3 経営課題を明確にし、具体的な取組を進めている。 a
【コメント】
・施設の経営課題や問題点については、施設の中長期計画「家庭的擁護推進計画」、令和5年度事業計画や令和4年度事業報告おいて開示のうえ具体的取組方針を記載し、法人理事長から施設職員に至るまで共有している。
・法人及び施設での目下最大の経営課題は、人材の確保と育成の継続であることを施設長会議や職員会議を通じ、法人理事長から施設職員に至るまで認識している。

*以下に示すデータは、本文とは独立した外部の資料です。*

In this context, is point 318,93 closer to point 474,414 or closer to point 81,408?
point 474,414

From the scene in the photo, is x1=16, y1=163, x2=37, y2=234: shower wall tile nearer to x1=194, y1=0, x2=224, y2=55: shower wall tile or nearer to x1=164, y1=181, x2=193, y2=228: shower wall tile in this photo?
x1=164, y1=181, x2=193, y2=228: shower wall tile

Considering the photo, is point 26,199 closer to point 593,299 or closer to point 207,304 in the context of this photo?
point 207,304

・人材の確保と育成については、中長期計画の中に、人材育成方針・人材確保の方策・小規模かつ地方分散化に伴う職員体制の整備が示され、計画的な取り組みが進められている。
3 事業計画の策定
(1) 中・長期的なビジョンと計画が明確にされている。 第三者
評価結果
4 中・長期的なビジョンを明確にした計画が策定されている。 a
【コメント】
・中長期計画は、2019~2029年度までの10年計画が策定されており、今年度は前期の最終年度となる。計画は、「家庭的擁護推進計画」と題され、理念や基本方針に沿った大舎制から小規模・地域分散化並びに高機能・多機能化への推進が図表を使い分かりやすく策定されてる。

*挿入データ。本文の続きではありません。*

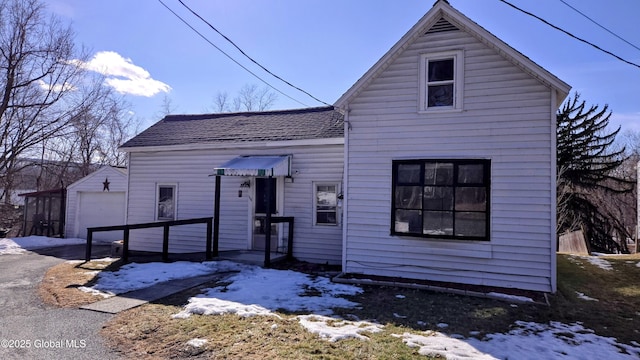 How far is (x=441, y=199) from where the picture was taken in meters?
7.75

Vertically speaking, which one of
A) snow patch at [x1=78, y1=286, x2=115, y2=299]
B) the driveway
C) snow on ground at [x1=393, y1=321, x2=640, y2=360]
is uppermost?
snow on ground at [x1=393, y1=321, x2=640, y2=360]

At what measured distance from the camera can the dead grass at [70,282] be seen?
254 inches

・計画には、具体的な成果目標が示され、その進捗等が客観的に評価できる内容となっている。今年度は既に3か所の小規模施設全てが稼働するなど計画通りの進捗となっている。
・計画は、3年毎に見直しが行われており、2024年度には国策の見直しに伴う計画改訂が見込まれている。
5 中・長期計画を踏まえた単年度の計画が策定されている。 a
【コメント】
・令和5年度計画は、中長期計画を踏まえ具体的内容が記載され、運営方針、設備投資、(子ども)支援、食事、防災、保健、研修、委員会活動、行事の9項目と多岐にわたり、各項目とも詳細な計画となっている。

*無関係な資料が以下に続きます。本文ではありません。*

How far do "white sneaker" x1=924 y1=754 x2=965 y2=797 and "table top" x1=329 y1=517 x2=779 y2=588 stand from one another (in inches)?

・単年度計画には、詳細な収支予算書と事業活動計算書が添付されている。
・事業計画は、数値目標や具体的成果が設定されており、進捗や達成度が客観的に把握できる。年度末には、事業報告書を作成しており、令和4年度の事業報告書は、A3横長用紙で8頁にも及ぶ詳細な記載となっている。
(2) 事業計画が適切に策定されている。
6 事業計画の策定と実施状況の把握や評価・見直しが組織的に行われ、職員が理解している。 a
【コメント】
・次年度の事業計画策定作業は、毎年2月の職員会議にて着手し、リーダーが各職場の意見や実情等を集約・反映させ、主任クラスで策定した骨子を、施設長が法人理事会に報告し、了承を得る手順となる。その後、事業報告書を作成し事業計画を確定のうえ、4月の職員会議やミーティングにおいて職員への説明と周知を図っている。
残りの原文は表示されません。